7. Common Planning Mistakes
- Planning for average throughput, not peak — transport must handle peak busy hour throughput, not average. Using average traffic in dimensioning calculations creates links that are fine most of the time and congested when it matters most.
- Not accounting for eCPRI overhead in fronthaul — eCPRI Option 7-2x generates significantly more traffic than the air interface throughput suggests. Operators who dimension fronthaul based on RF throughput alone find links saturated at 40% RF utilisation.
- Underestimating growth — 5G traffic growth in the first 2-3 years of deployment consistently exceeds forecasts.

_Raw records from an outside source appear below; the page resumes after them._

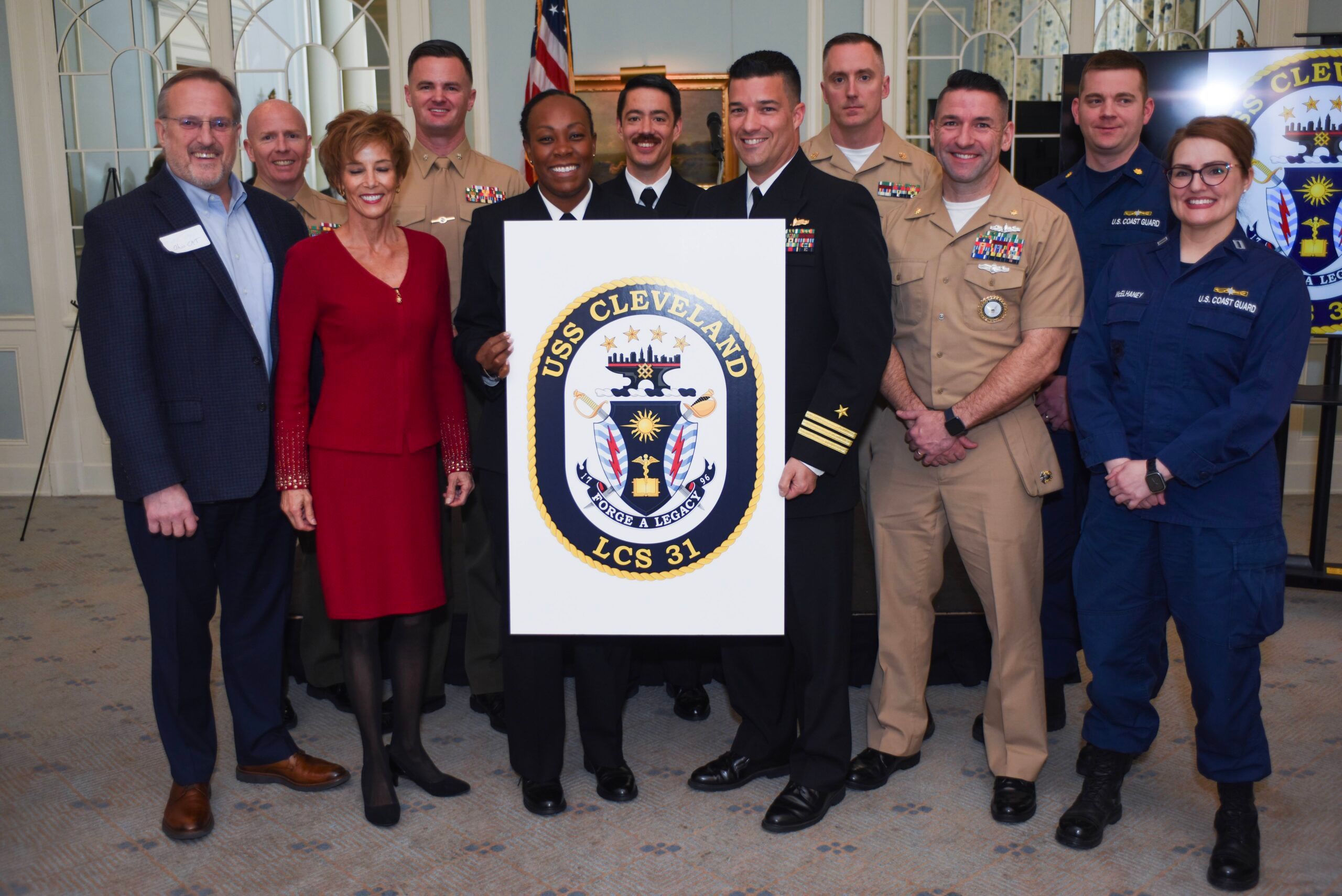 Cmdr. Bruce Hallett, commanding officer of the Freedom-class Littoral Combat Ship USS Cleveland (LCS-31) and Command Master Chief Carla Bellamy take a group photo with the Cleveland Legacy Foundation and active duty service members after revealing the ships crest with Friday, April 5, 2024.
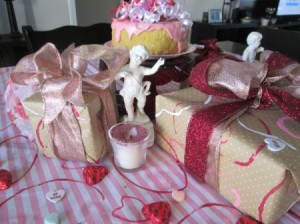 Recycled Paper Rolls as Heart Stamps - packages wrapped in the stamped paper sitting on a table covered with pink and white striped fabric stamped with red hearts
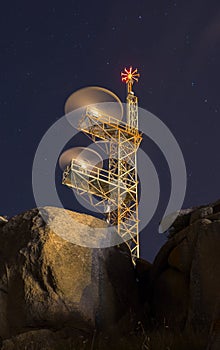 Communications antenna at night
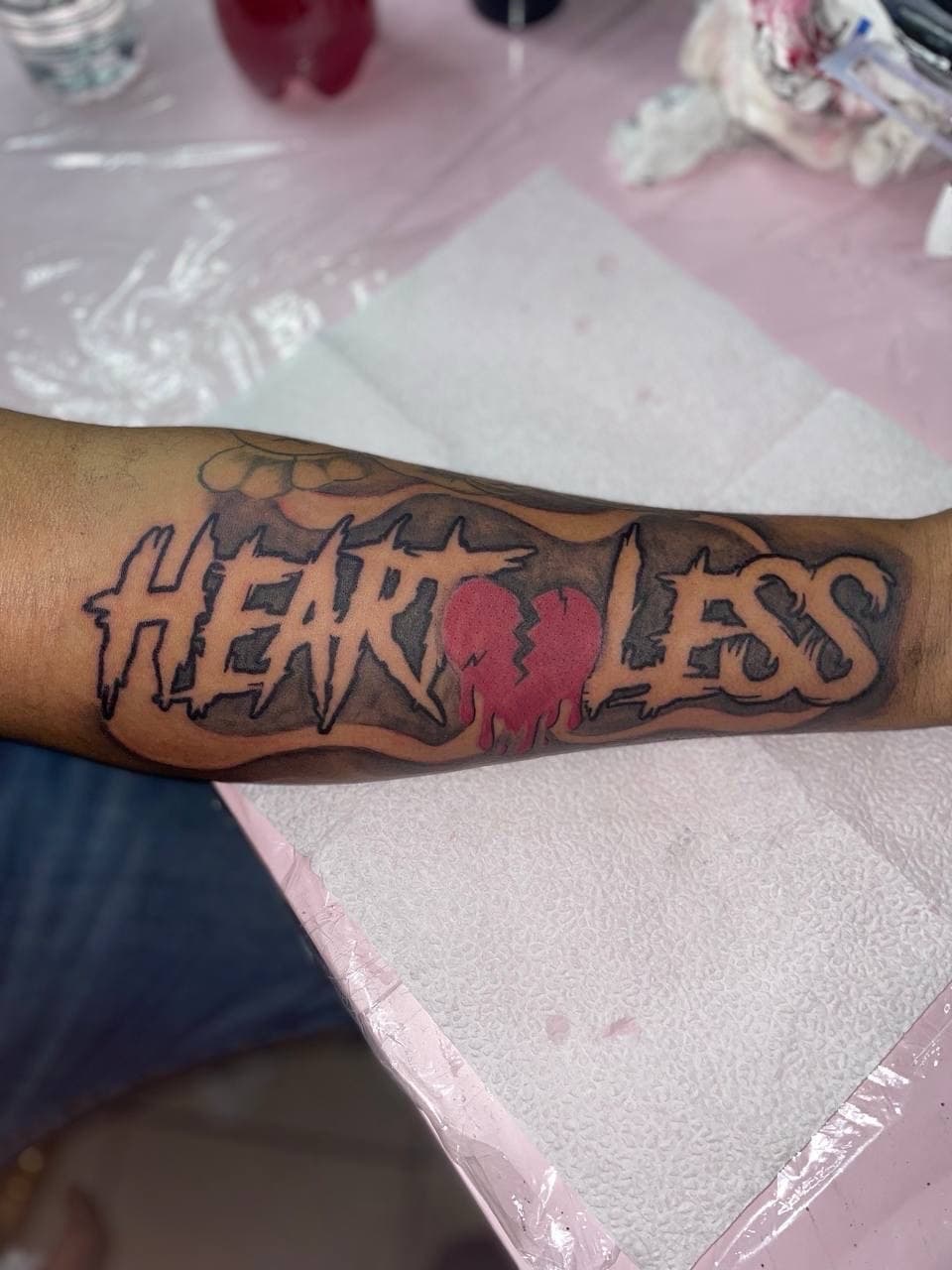 Lettering + Color broken heart tattoo on Forearm by ArtIsTatts on TattMe
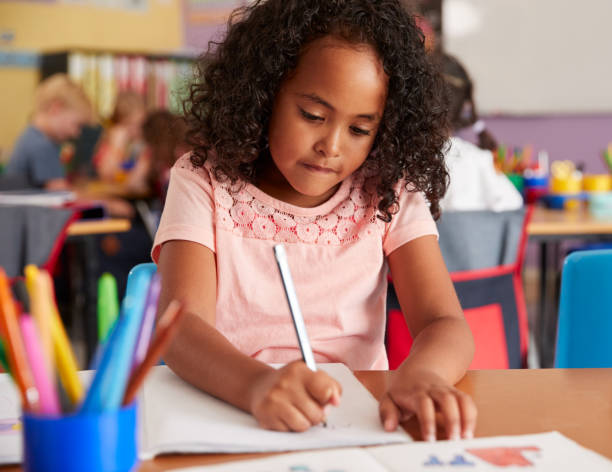 istock Concentrating Female Elementary School Pupils Working At Desk 1160927952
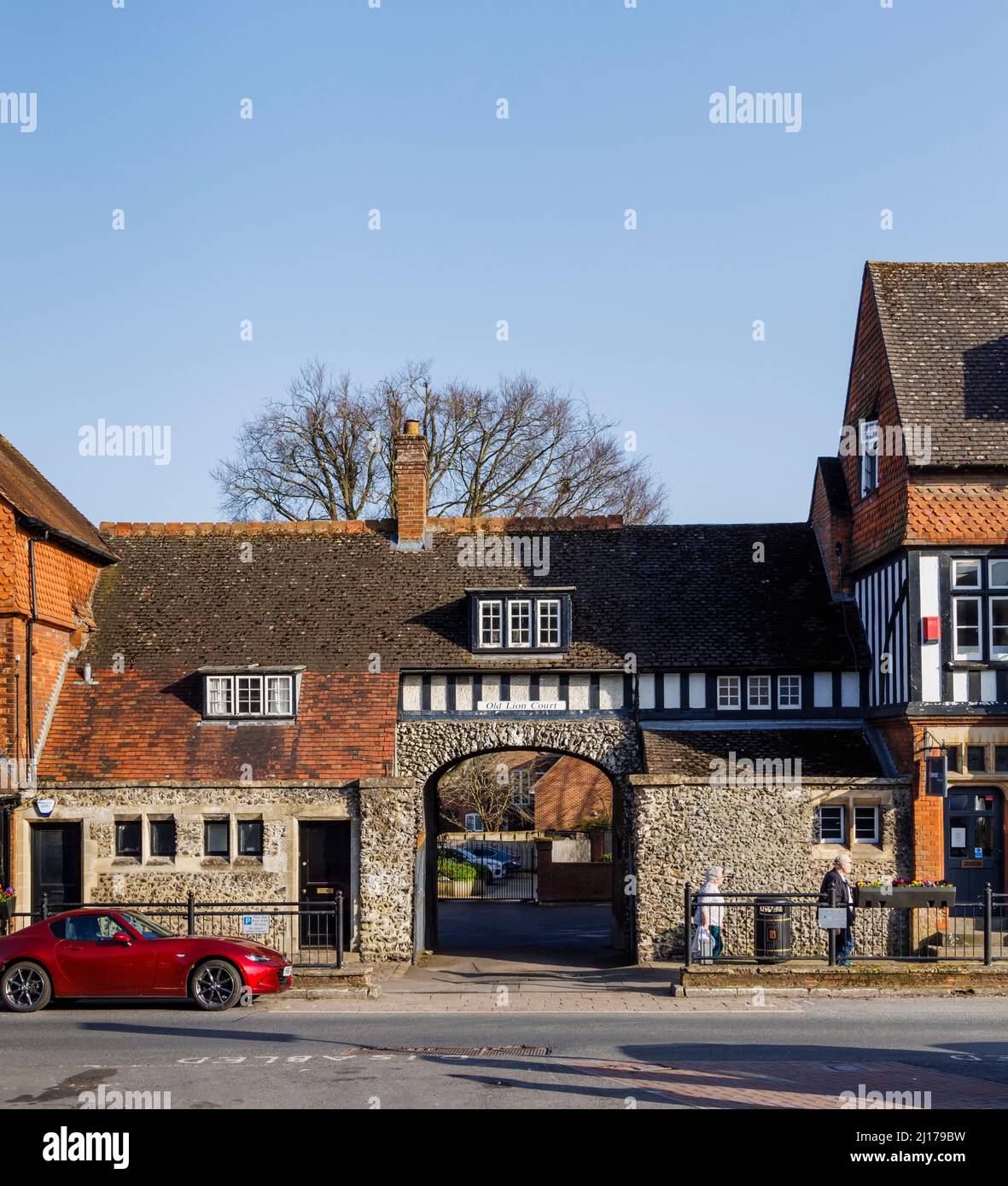 Entrance to Old Lion Court in High Street, Marlborough, a market town in Wiltshire, England on a sunny day with blue sky in late winter / early spring Stock Photo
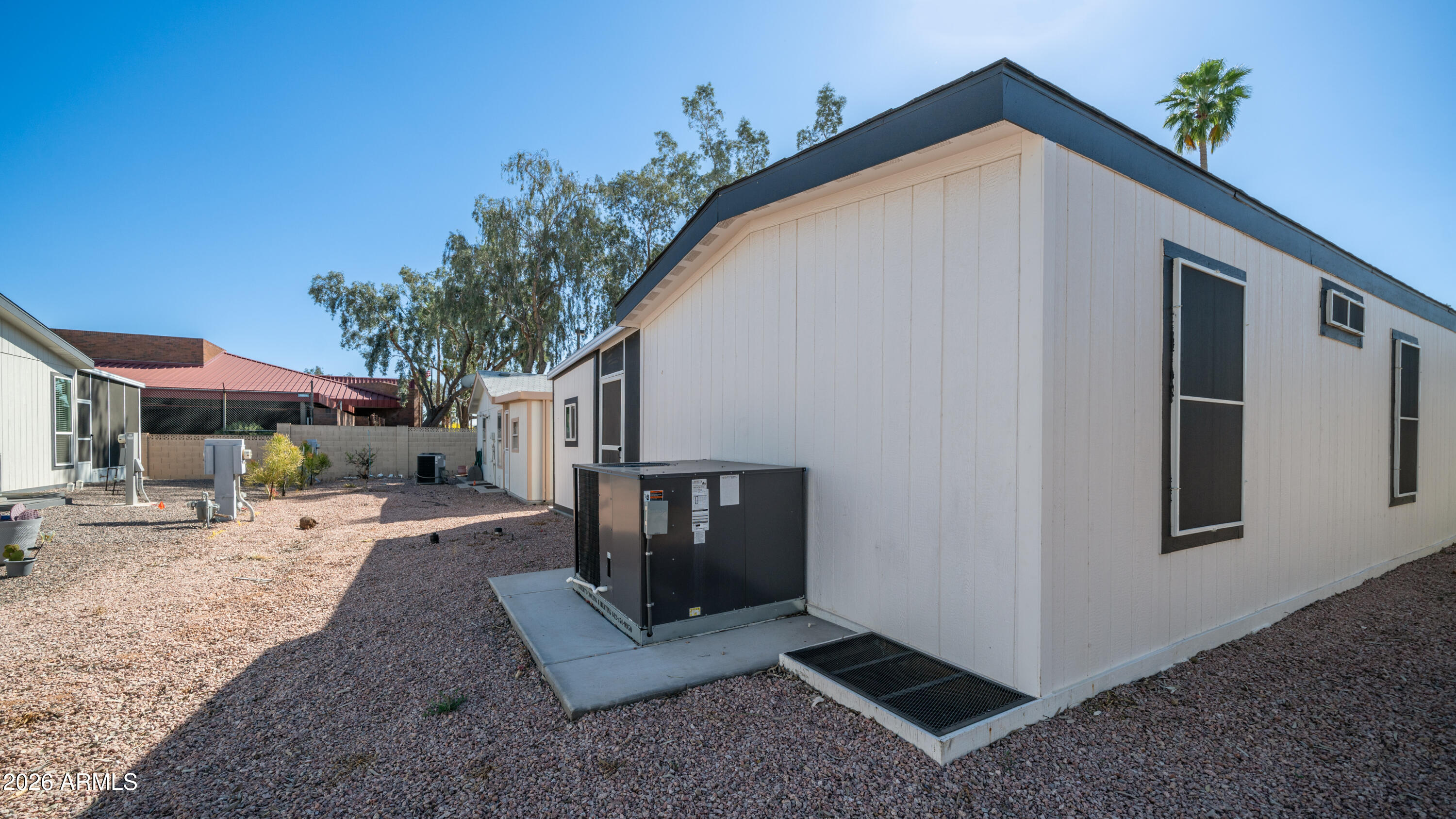 2929 East Main Street, Unit 237 Mesa, AZ 85213 - Photo 20 of 20 a view of a house with backyard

Build 40-50% growth into Year 1 designs. Links that are at 50% utilisation at launch will be at 75% within 18 months.
- Forgetting OAM traffic in dimensioning — NMS, telemetry, TWAMP, CDN synchronisation, and timing traffic all consume transport capacity. While individually small, aggregated OAM traffic on trunk links can be 5-10% of capacity. Include it in calculations.
- Single vendor assumptions — dimensioning based on a specific vendor’s peak throughput specifications often does not match field performance under real traffic conditions. Use conservative field measurements (80% of spec) for dimensioning, not theoretical maximums.
8. Troubleshooting Capacity Problems
- Identify the congested segment before upgrading — use interface utilisation telemetry to pinpoint exactly which link or queue is congested. Do not assume the obvious bottleneck — sometimes core rings are fine and the congestion is on a single hub-to-site aggregation link.
- Differentiate congestion from misconfiguration — a link at 40% utilisation with packet loss is a QoS problem (wrong traffic in wrong queue), not a capacity problem. A link at 85% utilisation with packet loss is a capacity problem. Treat them differently.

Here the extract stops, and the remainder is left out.